Alright, listen—I’m stubborn. I admit it. There are just some things I don’t understand, and when I don’t understand something, it sticks with me. It burrows into my brain like a woodpecker with an agenda.
So I get this call. Financial advisor. Nice guy, polite. He asks about how I price my retirement plan document work—specifically my flat fee. I tell him, “Two thousand bucks. That’s it. That’s the price.” Straightforward, right?
Then he hits me with this: “Does the fee change if the plan has, like, thousands of participants?”
What? Thousands? No! What does that have to do with anything? I mean, sure, I get the curiosity, but c’mon. Drafting a plan for one guy in a cardigan or drafting one for an entire Fortune 500 army—it’s the same document. Same rules, same IRS pre-approved volume submitter plan. I don’t suddenly type faster because there are more participants. I’m not being paid by the comma.
So I explain this to him. I tell him: “Look, the number of participants—that’s a TPA issue. They’ve got the sub-accounts, the statements, the whole buffet of administrative nightmares. That’s where the scaling happens. Not with me.”
I mean, what does he think I’m doing? Personalizing each plan with tiny names etched in the margins? “Oh, Janet from Accounts Payable is in this one. Better raise the fee!”
And by the way—I’m no TPA expert, but I’ve been around. I know enough to know that the only fee that should scale with assets is the custody fee. That makes sense! Six to eight basis points, fine, because you’re holding more stuff. You’re the vault. You want a bigger vault? You pay a little more. That I can get behind.

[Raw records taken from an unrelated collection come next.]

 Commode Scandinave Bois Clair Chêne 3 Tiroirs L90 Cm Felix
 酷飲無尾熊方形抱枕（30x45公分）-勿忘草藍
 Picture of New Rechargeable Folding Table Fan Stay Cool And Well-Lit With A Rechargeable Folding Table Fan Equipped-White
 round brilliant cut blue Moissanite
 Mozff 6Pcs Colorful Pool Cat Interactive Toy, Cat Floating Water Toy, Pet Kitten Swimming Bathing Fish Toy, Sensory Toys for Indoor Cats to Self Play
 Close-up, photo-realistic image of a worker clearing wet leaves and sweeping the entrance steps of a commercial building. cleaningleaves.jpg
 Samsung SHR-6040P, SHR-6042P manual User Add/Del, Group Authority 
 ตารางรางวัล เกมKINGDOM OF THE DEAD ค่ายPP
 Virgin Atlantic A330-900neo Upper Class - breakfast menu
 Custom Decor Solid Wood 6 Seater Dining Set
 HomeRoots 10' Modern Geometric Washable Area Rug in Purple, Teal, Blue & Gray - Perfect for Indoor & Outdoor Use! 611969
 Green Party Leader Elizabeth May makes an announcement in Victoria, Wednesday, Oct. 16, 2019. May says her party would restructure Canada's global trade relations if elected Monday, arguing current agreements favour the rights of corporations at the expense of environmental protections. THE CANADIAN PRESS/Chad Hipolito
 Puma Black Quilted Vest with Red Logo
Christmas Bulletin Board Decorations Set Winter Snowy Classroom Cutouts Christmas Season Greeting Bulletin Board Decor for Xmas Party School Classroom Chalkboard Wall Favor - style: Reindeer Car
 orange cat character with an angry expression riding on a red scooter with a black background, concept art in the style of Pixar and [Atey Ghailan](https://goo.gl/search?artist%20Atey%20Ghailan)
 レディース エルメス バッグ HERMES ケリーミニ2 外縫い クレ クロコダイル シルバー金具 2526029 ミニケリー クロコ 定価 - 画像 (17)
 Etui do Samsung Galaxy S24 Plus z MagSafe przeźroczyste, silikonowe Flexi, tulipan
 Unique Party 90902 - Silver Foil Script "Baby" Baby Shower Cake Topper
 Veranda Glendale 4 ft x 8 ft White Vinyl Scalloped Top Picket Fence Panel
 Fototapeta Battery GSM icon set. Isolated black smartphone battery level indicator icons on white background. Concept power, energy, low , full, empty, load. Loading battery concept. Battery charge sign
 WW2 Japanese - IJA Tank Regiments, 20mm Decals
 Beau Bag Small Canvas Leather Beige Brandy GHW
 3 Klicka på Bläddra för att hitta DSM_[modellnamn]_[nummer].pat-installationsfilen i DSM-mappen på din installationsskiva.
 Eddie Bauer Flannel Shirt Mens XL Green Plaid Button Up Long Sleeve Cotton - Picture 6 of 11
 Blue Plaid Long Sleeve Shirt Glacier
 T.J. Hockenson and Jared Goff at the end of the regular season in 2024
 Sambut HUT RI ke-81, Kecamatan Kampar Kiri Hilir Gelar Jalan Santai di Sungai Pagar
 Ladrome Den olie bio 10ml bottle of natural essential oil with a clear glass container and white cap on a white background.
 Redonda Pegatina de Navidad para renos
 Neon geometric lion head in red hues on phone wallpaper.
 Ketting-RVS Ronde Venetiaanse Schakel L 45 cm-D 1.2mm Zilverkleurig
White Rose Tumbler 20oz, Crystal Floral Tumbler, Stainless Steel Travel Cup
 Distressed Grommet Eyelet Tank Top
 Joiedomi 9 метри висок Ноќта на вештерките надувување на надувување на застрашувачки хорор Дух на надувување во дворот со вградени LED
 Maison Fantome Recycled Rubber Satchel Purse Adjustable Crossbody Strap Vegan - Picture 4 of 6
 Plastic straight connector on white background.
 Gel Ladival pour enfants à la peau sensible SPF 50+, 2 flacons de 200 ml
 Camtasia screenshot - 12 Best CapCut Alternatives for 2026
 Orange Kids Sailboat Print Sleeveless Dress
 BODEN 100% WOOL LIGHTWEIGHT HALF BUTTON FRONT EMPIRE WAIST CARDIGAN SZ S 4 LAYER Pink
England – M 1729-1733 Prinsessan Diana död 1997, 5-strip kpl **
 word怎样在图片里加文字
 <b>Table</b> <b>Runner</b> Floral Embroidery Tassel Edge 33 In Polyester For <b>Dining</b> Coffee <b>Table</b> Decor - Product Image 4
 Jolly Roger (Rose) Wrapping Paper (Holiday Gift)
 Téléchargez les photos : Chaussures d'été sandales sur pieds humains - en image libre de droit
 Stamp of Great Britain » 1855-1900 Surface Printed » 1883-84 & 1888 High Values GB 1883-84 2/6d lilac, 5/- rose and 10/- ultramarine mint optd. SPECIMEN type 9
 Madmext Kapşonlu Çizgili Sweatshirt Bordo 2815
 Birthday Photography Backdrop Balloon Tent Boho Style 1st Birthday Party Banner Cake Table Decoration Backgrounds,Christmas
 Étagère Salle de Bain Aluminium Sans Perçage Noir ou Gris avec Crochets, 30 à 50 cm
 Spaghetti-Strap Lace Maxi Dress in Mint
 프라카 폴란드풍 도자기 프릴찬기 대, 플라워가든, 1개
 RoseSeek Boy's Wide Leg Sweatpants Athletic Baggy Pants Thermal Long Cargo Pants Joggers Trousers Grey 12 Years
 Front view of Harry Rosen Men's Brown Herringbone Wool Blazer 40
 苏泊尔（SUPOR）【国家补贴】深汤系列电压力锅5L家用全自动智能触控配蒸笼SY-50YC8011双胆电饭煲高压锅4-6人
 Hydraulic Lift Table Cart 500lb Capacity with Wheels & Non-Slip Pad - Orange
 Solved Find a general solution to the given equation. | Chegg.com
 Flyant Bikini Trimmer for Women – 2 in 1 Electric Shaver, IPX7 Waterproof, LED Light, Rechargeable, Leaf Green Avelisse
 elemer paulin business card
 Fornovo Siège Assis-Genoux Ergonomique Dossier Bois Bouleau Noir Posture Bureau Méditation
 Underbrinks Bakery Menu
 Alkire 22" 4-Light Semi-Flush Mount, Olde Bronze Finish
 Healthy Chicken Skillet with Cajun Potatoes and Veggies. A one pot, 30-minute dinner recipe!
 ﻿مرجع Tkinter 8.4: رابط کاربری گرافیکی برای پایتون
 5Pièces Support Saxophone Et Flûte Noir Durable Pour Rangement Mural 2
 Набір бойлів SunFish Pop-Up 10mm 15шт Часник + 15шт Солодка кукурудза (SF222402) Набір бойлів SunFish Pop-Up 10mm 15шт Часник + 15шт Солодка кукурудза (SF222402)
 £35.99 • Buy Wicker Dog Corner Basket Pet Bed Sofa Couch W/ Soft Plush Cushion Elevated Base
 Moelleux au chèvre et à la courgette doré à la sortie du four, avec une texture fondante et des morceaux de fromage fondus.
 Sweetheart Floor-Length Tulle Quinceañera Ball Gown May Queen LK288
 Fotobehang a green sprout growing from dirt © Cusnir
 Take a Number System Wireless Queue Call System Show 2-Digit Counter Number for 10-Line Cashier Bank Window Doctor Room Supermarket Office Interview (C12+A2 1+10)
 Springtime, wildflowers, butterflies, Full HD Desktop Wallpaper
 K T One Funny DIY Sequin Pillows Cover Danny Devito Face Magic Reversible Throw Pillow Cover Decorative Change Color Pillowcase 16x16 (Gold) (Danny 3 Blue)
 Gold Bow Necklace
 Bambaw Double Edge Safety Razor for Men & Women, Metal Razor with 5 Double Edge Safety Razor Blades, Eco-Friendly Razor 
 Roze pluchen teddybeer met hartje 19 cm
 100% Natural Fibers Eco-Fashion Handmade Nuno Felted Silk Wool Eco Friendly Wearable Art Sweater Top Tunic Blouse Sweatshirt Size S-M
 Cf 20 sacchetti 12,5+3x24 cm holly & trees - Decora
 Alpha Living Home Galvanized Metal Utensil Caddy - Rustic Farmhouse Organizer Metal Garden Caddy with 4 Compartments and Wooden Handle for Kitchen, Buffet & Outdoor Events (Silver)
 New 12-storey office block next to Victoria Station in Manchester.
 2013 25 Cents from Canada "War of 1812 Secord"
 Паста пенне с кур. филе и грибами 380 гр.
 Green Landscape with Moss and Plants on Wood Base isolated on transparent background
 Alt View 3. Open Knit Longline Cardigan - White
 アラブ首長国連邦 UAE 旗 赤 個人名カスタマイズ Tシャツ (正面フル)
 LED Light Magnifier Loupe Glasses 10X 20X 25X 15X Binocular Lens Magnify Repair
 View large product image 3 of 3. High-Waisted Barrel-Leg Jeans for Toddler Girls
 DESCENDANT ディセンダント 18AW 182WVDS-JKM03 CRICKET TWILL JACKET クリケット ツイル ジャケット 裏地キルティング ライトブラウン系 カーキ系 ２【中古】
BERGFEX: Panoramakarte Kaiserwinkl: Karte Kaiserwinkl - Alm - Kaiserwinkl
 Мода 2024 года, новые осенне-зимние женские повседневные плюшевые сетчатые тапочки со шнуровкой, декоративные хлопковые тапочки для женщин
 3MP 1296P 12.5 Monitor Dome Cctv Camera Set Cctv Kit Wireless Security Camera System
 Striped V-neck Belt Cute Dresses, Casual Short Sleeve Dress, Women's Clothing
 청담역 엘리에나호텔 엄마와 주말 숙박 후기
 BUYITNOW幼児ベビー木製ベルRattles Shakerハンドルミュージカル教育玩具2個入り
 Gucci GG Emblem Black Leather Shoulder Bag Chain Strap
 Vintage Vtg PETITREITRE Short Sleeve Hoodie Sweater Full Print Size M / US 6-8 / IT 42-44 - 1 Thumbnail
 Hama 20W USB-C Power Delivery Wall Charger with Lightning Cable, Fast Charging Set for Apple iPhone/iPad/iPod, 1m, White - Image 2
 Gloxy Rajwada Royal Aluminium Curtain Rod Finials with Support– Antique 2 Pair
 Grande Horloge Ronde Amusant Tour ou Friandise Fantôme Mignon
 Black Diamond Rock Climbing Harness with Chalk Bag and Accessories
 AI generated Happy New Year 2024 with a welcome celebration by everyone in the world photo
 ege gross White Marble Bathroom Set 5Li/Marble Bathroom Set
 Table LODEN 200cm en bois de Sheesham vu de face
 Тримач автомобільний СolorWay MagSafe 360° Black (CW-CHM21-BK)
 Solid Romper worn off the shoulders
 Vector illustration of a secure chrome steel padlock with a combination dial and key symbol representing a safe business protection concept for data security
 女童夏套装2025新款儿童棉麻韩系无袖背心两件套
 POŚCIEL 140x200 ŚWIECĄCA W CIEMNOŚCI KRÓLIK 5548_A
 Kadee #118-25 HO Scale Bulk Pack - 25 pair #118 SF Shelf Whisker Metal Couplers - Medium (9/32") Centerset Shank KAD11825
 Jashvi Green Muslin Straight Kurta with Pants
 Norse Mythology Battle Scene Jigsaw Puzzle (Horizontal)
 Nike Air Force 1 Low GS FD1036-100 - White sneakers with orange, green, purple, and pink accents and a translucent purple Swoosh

But here’s where it gets nuts.
Some of these well-known, highly regarded TPA firms—they’re still charging administration fees based on plan assets. Assets! Like they’re investment advisors! What are we doing? That’s like me saying, “Oh, your plan has 3,000 participants? That’ll be $200,000. Because… reasons.”
It makes no sense! The amount of money in the plan doesn’t make it more difficult to administer. It’s not like the server is sweating under the weight of extra zeros. You’ve got 100 participants whether it’s a $10 million plan or a $100 million plan. Same statements, same calculations, same work. The decimal place just moved over.
Look, I know what people are gonna say. “If the client’s okay with it and it’s disclosed, it’s fine.” Sure. But you know what else is disclosed? Airline baggage fees. And we still complain about those, don’t we?
Call me old-fashioned. Call me stubborn. But I believe in this crazy little thing called logic. A fee should relate to the work involved. Not some arbitrary number you pulled out of a pie chart.
Anyway, that’s my rant. I feel better now. Sort of.